**WHAT IS NEEDED**
Output the entire listing that follows verbatim.

──────────

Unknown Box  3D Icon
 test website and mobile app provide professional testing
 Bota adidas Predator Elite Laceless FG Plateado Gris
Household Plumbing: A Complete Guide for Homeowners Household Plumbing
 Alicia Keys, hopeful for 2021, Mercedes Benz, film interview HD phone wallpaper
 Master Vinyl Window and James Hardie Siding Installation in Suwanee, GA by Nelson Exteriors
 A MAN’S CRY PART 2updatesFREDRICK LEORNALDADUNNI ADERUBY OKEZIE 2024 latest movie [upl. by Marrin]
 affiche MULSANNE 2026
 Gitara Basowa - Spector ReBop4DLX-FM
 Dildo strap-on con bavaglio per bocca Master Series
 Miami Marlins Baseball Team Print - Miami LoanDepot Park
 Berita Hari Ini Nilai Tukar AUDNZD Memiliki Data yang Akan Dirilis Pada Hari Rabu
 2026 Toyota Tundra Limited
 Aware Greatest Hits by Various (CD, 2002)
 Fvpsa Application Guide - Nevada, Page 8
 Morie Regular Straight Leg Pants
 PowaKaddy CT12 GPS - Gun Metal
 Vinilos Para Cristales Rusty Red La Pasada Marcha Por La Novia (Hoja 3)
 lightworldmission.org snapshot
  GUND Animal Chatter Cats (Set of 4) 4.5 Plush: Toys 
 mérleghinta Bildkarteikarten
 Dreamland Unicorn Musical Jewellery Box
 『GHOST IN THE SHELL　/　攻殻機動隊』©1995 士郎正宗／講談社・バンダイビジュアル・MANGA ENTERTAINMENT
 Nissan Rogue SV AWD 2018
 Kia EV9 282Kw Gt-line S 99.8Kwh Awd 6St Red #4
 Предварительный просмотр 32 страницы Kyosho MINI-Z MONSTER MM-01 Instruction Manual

──────────

**SOLUTION**
Unknown Box  3D Icon
 test website and mobile app provide professional testing
 Bota adidas Predator Elite Laceless FG Plateado Gris
Household Plumbing: A Complete Guide for Homeowners Household Plumbing
 Alicia Keys, hopeful for 2021, Mercedes Benz, film interview HD phone wallpaper
 Master Vinyl Window and James Hardie Siding Installation in Suwanee, GA by Nelson Exteriors
 A MAN’S CRY PART 2updatesFREDRICK LEORNALDADUNNI ADERUBY OKEZIE 2024 latest movie [upl. by Marrin]
 affiche MULSANNE 2026
 Gitara Basowa - Spector ReBop4DLX-FM
 Dildo strap-on con bavaglio per bocca Master Series
 Miami Marlins Baseball Team Print - Miami LoanDepot Park
 Berita Hari Ini Nilai Tukar AUDNZD Memiliki Data yang Akan Dirilis Pada Hari Rabu
 2026 Toyota Tundra Limited
 Aware Greatest Hits by Various (CD, 2002)
 Fvpsa Application Guide - Nevada, Page 8
 Morie Regular Straight Leg Pants
 PowaKaddy CT12 GPS - Gun Metal
 Vinilos Para Cristales Rusty Red La Pasada Marcha Por La Novia (Hoja 3)
 lightworldmission.org snapshot
  GUND Animal Chatter Cats (Set of 4) 4.5 Plush: Toys 
 mérleghinta Bildkarteikarten
 Dreamland Unicorn Musical Jewellery Box
 『GHOST IN THE SHELL　/　攻殻機動隊』©1995 士郎正宗／講談社・バンダイビジュアル・MANGA ENTERTAINMENT
 Nissan Rogue SV AWD 2018
 Kia EV9 282Kw Gt-line S 99.8Kwh Awd 6St Red #4
 Предварительный просмотр 32 страницы Kyosho MINI-Z MONSTER MM-01 Instruction Manual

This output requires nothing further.